Interpreting enhanced Hg oxidation with Br addition at Plant Miller

This paper introduces the first detailed reaction mechanisms for Br/Hg chemistry in flue gas, and interprets the Hg oxidation performance across a broad range of Br injection rates in recent field tests at Plant Miller. Homogeneous chemistry with Br species is much faster than with Cl species because the Br atom concentrations at the furnace exit are three to four orders of magnitude greater. The dominant channels with Br are analogous to those for Cl, whereby a Br atom partially oxidizes Hg0 into HgBr which is then oxidized into HgBr2 by Br2. Mercury also oxidizes heterogeneously on unburned carbon (UBC) with Br species.
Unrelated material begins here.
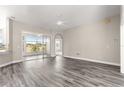 Bright living area features sliding glass doors to the lanai and neutral paint throughout at 11780 Se 178Th St, Summerfield, FL 34491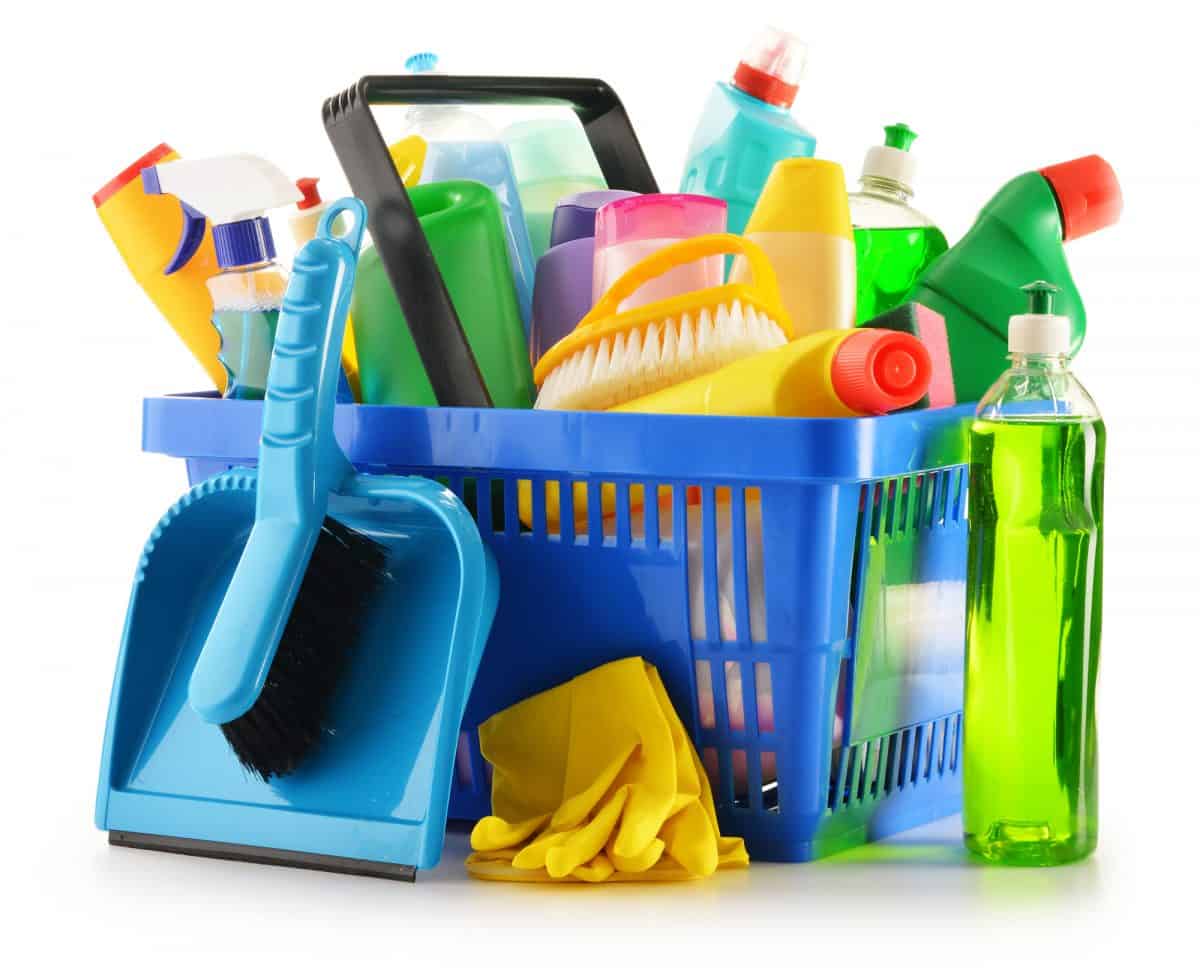 hopping basket with detergent bottles and chemical cleaning supplies isolated on white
This mechanism is also analogous to the surface mechanism for Cl species, except that (i) Hg0 adsorption is faster on brominated sites and (ii) the high Br atom concentrations promote recombination reactions which maintain very low surface coverages of Hg/Br species. Hence, Br addition does not promote the production of particulate-Hg. Catalytic Hg0 oxidation on SCR monoliths by Br species is more than 40 times faster than by Cl species and follows a similar mechanism. For all Br loadings over 10 ppmw in the field tests, essentially all Hg0 entering the SCR was oxidized.